Types of SBA Loan Programs

Depending on the amount of money you need and what the money will be used for, there are different loan programs to meet the needs of entrepreneurs. The SBA offers several loan programs, including:

  • General Small Business Loans—Also known as 7(a) loans, these loans can be used to start a business, expand or acquire additional businesses, purchase equipment and materials, purchase real estate, and refinance existing debt.
  • SBA Microloans—The SBA Microloan program offers loans between $5,000 and $50,000 for small businesses and some non-profit childcare centers. The SBA provides funds to intermediary lenders (typically non-profit community organizations) that have experience with lending and management assistance.
  • Real Estate Loans—These are also called CDC/(504) loans.
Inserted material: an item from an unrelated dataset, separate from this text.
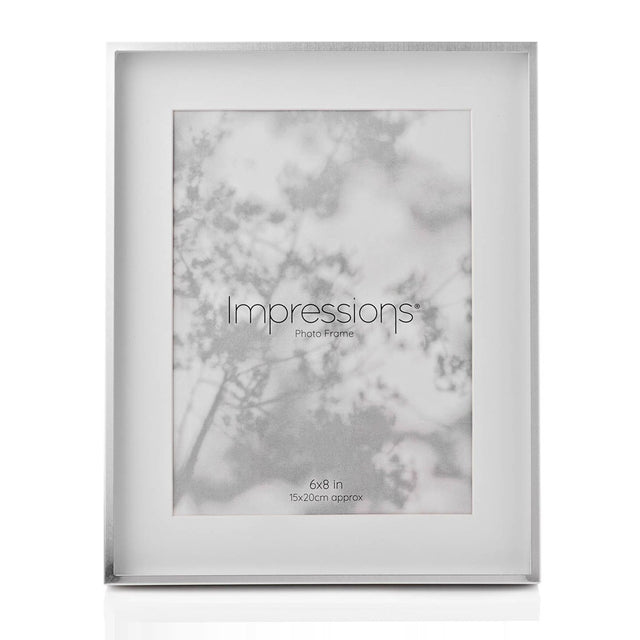 Silver shadow photo frame with white mount, slim rectangular border for an 8 x 6in print, shown upright on a plain white background.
They can be used for the purchase of buildings and real estate, land, construction and repair of new or existing facilities, and long-term machinery or equipment.
  • Disaster Loans—These loans are open to businesses of all sizes for the repairs to certain assets that have been damaged or destroyed.

Microloans can be an excellent option for very small companies, especially due to the willingness of these lenders to provide funding to women of color and other minorities.

Small Business Startup Loans for Minorities

Roughly 70% of African Americans turn to family, friends, and their own bank accounts to start a business. Loans are not always easy to secure, and the process can be intimidating. But, there are resources and loan programs available to African American businesses, as well as businesses in underserved communities.

SBA Community Advantage loans and 8(a) loans make funding more accessible to communities that lack the resources necessary to start small businesses, including minorities.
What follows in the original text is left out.